More than One Way to Skin a Bitcoin

Sure, you can buy Bitcoin or any other cryptocurrency that takes your eye. But what if the price falls? You could be seriously out of pocket. And the chances of prices falling are high. Yes, some pundits would have us believe the price can only go up, but others are predicting doom and gloom.

Who do you believe? Nobody – Don’t even dream of going there. There are other ways of profiting from crypto that don’t include maybe losing your shirt.

Crypto Stocks

Crypto stocks are those stocks related to cryptocurrency. Some companies provide services like wallets; others provide products like Bitcoin mining machines.

In the Californian Gold Rush, the people who made the most money were the ones selling shovels.

The best way to make money from the crypto boom is to sell the tools and services crypto traders need.

When you buy stocks you are buying shares in a profitable company that will always have underlying value based on the company’s assets. You can look at stock charts, see previous price data, and base your purchase on logic.

When you buy cryptocurrency, you are buying something where the price is only based on supply and demand; there are no underlying assets, no trading data, only price charts where the past movement has depended on announcements by governments and celebrities.

Most crypto stocks are not stocks you buy and hold for years. These are stocks where you profit by trading. Their prices are volatile, especially when you look at low-priced stocks.  Finding the top crypto penny stocks to watch takes research. Google isn’t everything - You need experience and an extensive knowledge of trading before you can identify profitable opportunities in the market.
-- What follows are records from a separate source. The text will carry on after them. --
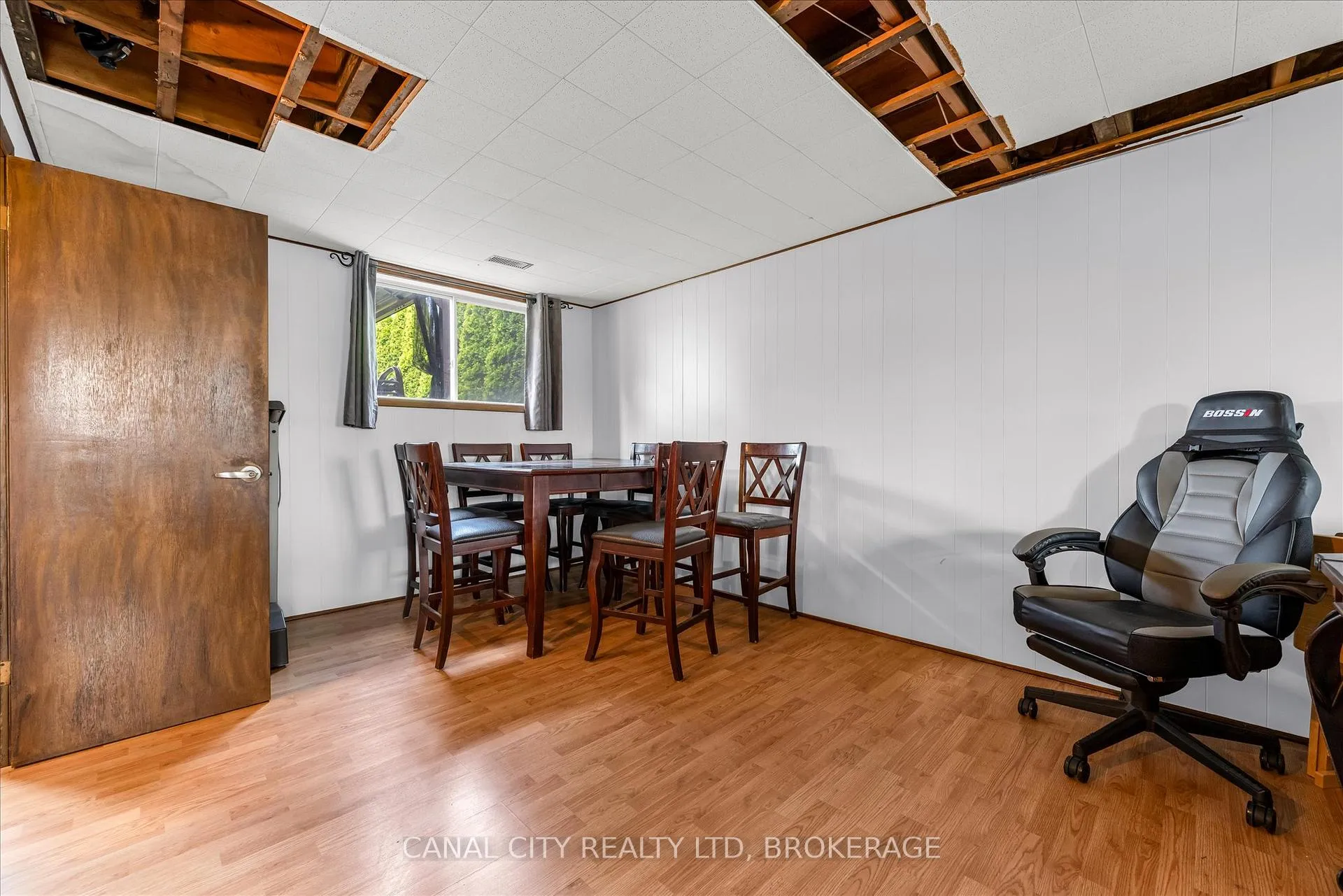 Photo 24 of 215 Ontario Street, Thorold, Allanburg/Thorold South — HOMEH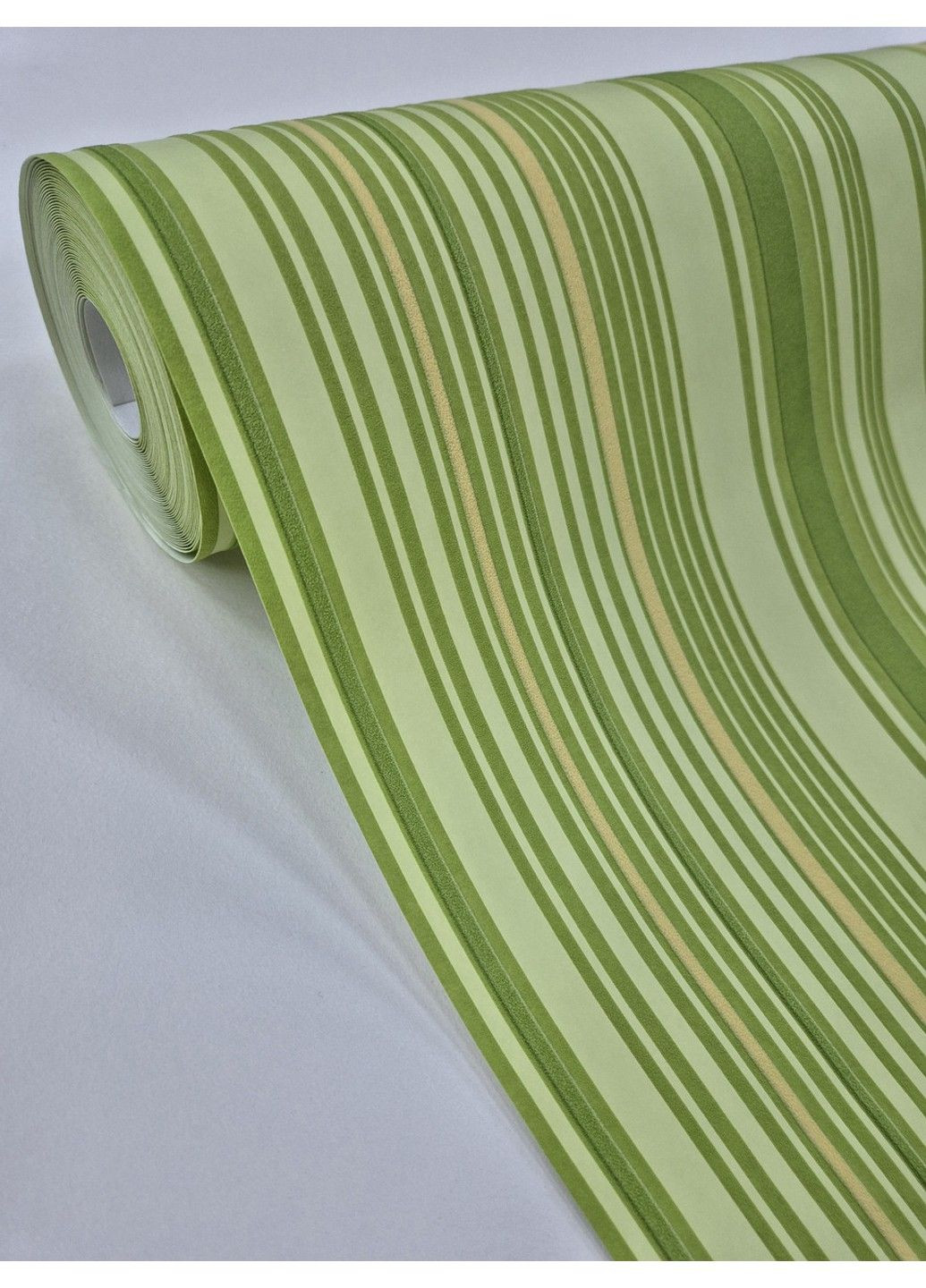 Обои виниловые на флизелиновой основе 10,05 × 0,53 57139, салатовые для спальни, гостиной, детской MARBURG (339111281)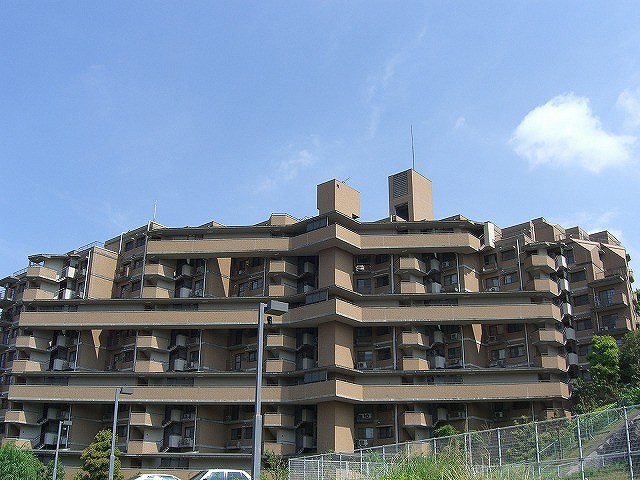 インペリアル千里青葉丘    外観写真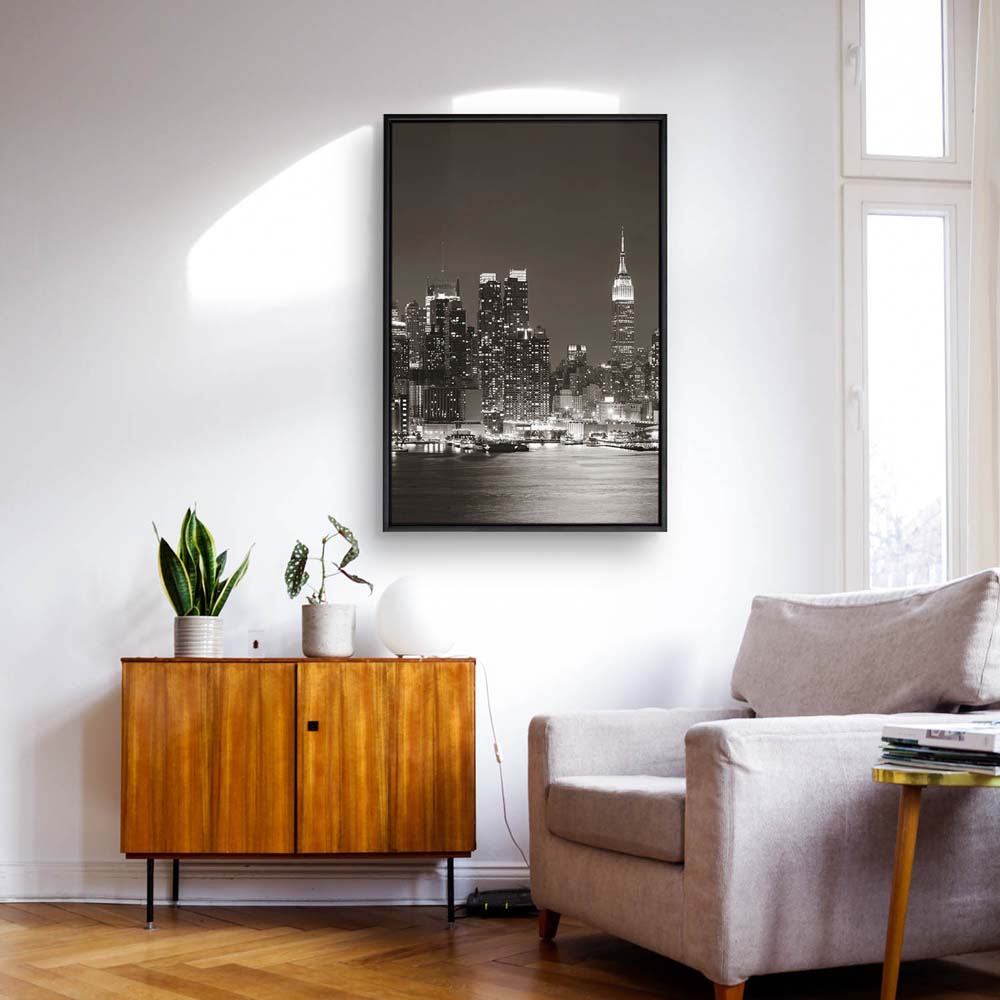 Skyline New York nachts im schwarzen Bilderrahmen, 110x50cm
Invest in paid stock tip services. These will usually give you trades that will work out better than free services. Take advantage of the service’s paid researches – They have been at it longer than you.

Reducing Your Risk

Trading is a risky business, but you can reduce your risk. The best trading platforms will let you set up a stop-loss position. This will automatically sell your stocks if they fall to a value you set. It means you can decide how much you can afford to lose, preventing you from losing everything if there is a rout.
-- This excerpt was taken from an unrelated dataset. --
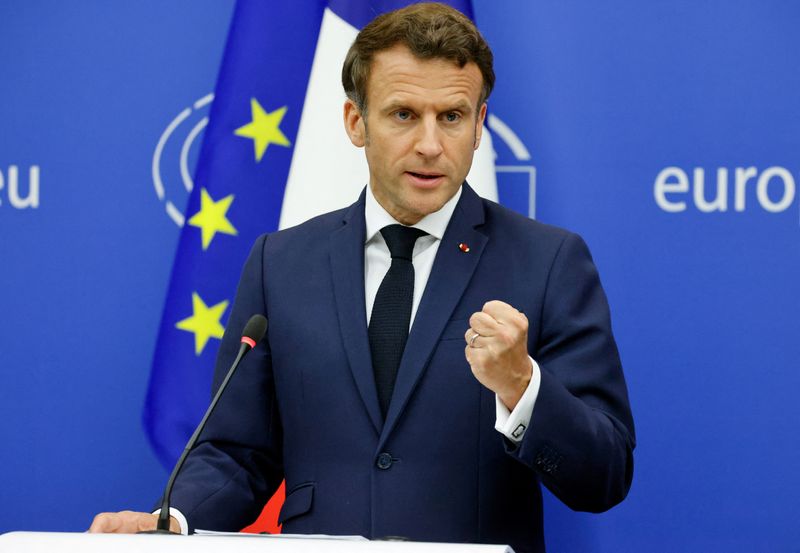 Macron lance l'idée d'une 'communauté politique européenne' complémentaire de l'Union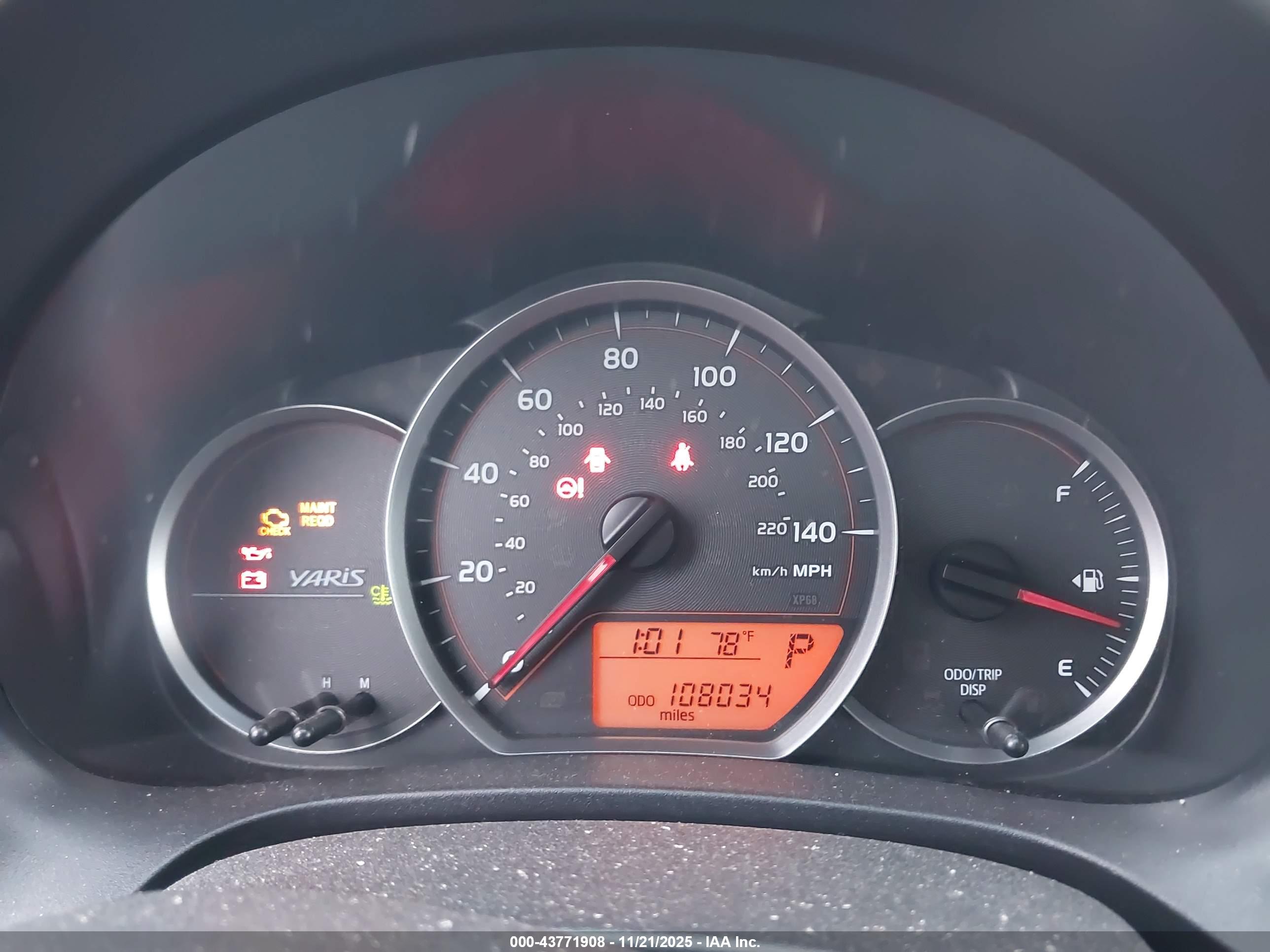 TOYOTA YARIS image 7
Similarly, decide what profit you can reasonably expect and set up an automatic take-profit position. This removes the temptation to hang on for more, then losing your profit if the market turns against you,

Crypto CFDs

A CFD (Contract for Difference) is a way to bet on whether a stock or index will rise or fall. You never own the asset. CFDs are controversial, but extremely useful because they let you make money even if prices are falling.
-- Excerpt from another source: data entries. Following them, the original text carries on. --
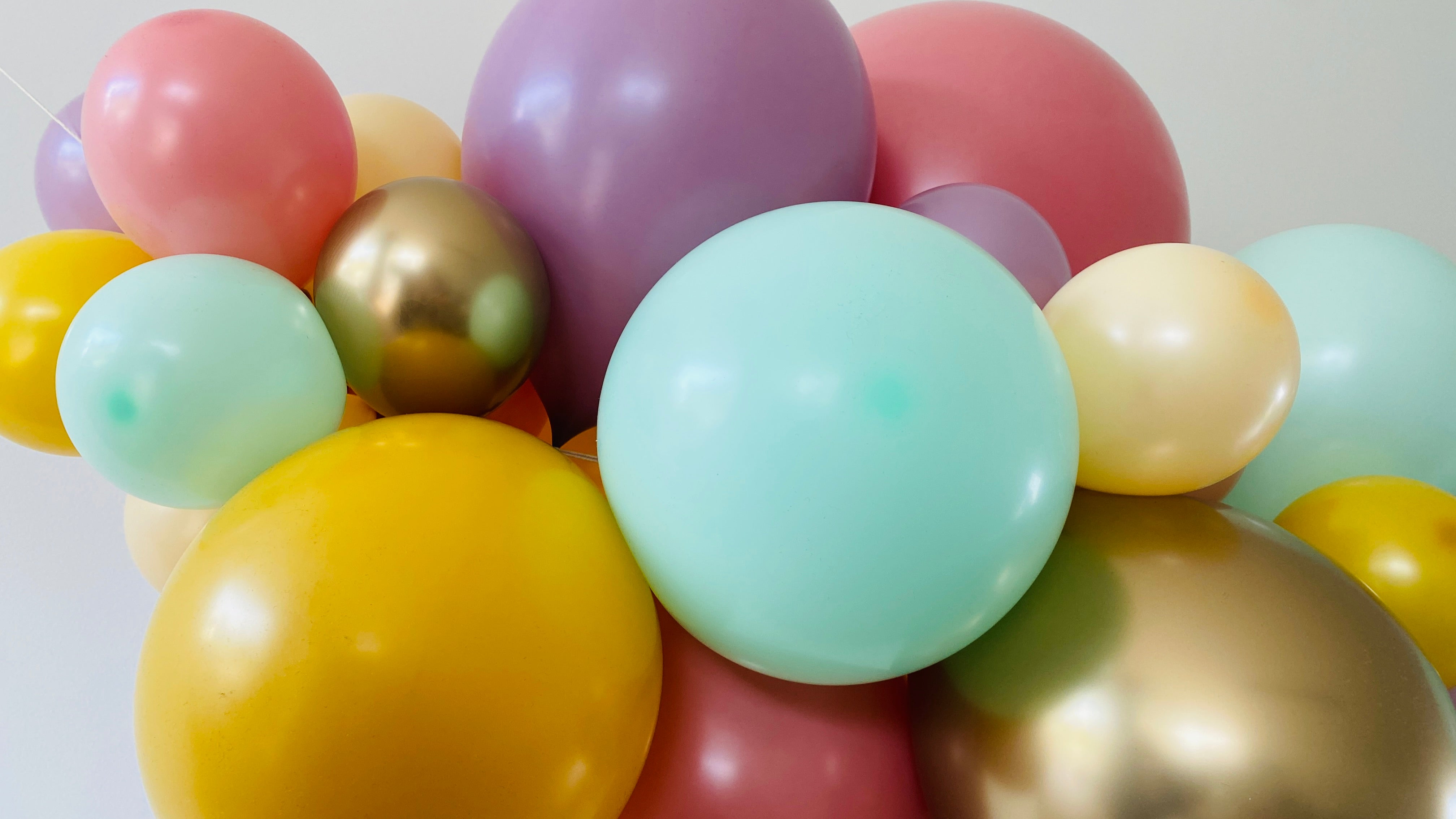 Ballonslinger ballonnenboog soft oud roze paars oker geel mosterd blush pastel groen goud verjaardag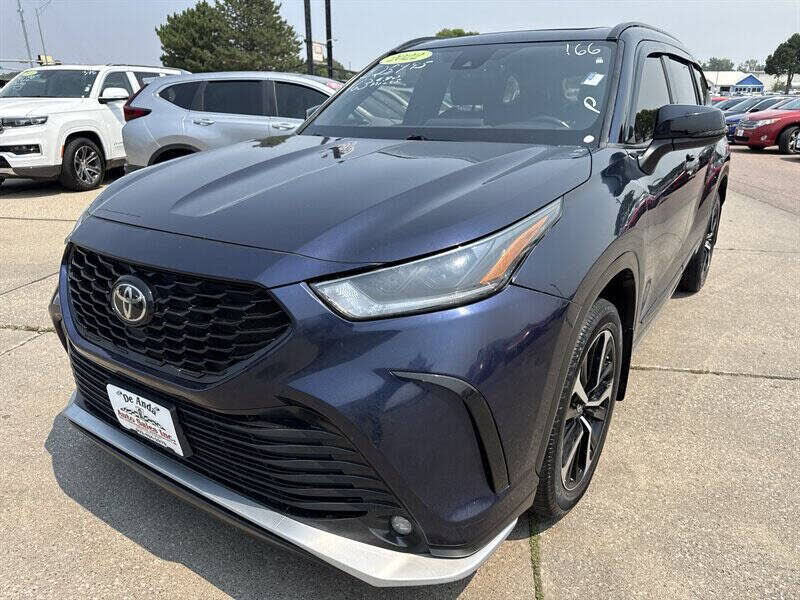 2022 TOYOTA Highlander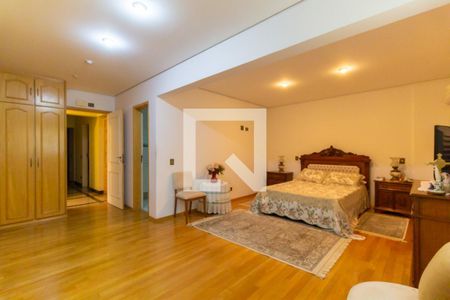 Apartamento à venda com 250m², 3 quartos e 4 vagas Apartamento à venda com 250m², 3 quartos e 4 vagasSuíte 1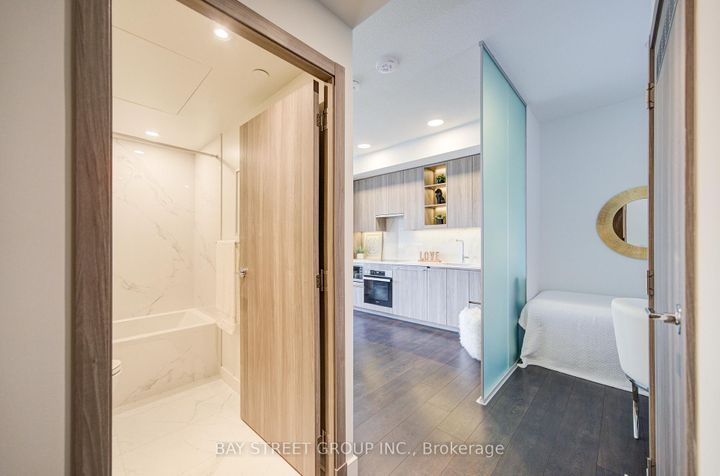 Photo 6 at 1507 - 27 McMahon Drive, Bayview Village, Toronto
Start with a free demo account where you are not putting your hard-earned cash on the line.

A CFD is a short-term bet. Close the contract at the end of the day. Set up stop-loss, and take-profit points where you terminate the contract automatically.

One Good Reason to Buy Bitcoin

If share prices fall, you might think of buying Bitcoin to hold for the medium term because its price tends to rise when markets are falling.

Changing Your Life, One Trade at a Time

Get your feet wet slowly.

  1. Start following the financial news online and in your newspapers. You have a massive amount to learn BEFORE you even start virtual trading.
  2. Read, study, and learn how the stock market works. Understand the factors that have caused stock price movements in the past. Get your head around candlestick charts and moving average graphs.
  3. THEN, create a free virtual trading account at a stockbroker’s website. Use only virtual trading until you are consistently making more profitable trades than losing ones.
  4. Once you are confident with the steps above, open a trading account with a broker.
  5. Open a trade in an index. An index gives you a way to diversify your holdings, even with a few hundred dollars. Diversifying is essential to reduce your exposure risk to any one company or sector.
  6. Close your trade by the end of the day because you don’t want the price to crash while you are asleep, even if you have set a stop-loss position.
  7. Rinse and repeat Steps 5 and 6.

Disclaimer: This article is provided for informational purposes only. It is not offered or intended to be used as legal, tax, investment, financial, or other advice.